**WORK INSTRUCTIONS:** Begin with the line containing "Casa de Condomínio", end with the last line of the records, and retype everything in between exactly, without the pictures.

**INFORMATION GIVEN:**
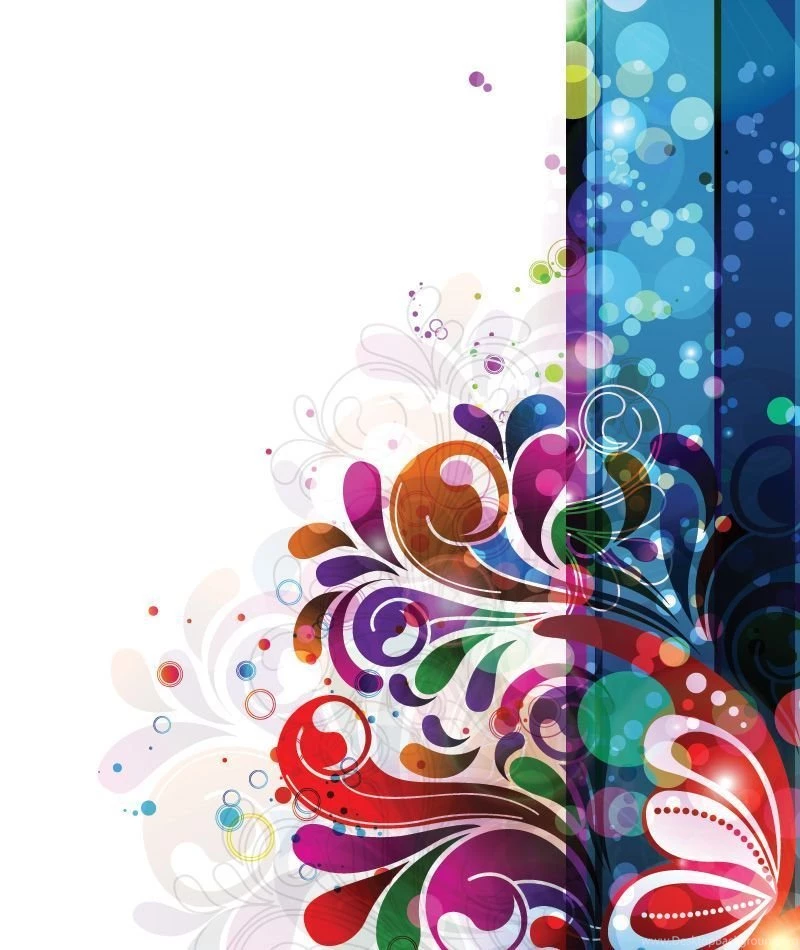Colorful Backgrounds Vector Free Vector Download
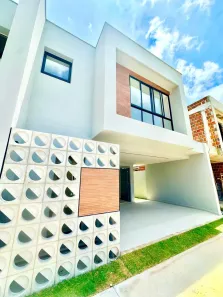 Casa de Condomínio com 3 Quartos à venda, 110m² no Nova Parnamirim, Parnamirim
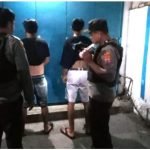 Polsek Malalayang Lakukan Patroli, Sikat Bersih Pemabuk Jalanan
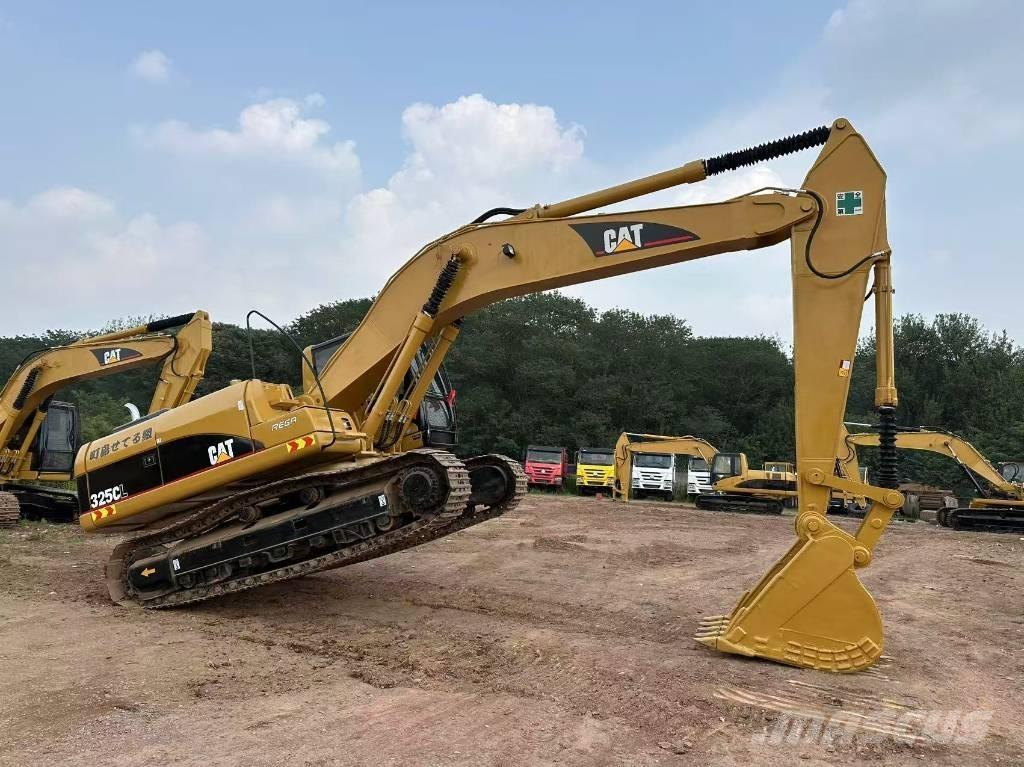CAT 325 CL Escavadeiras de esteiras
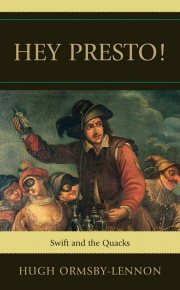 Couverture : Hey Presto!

**SOLUTION FOR THIS PROBLEM:**
 Casa de Condomínio com 3 Quartos à venda, 110m² no Nova Parnamirim, Parnamirim
 Polsek Malalayang Lakukan Patroli, Sikat Bersih Pemabuk Jalanan
CAT 325 CL Escavadeiras de esteiras
 Couverture : Hey Presto!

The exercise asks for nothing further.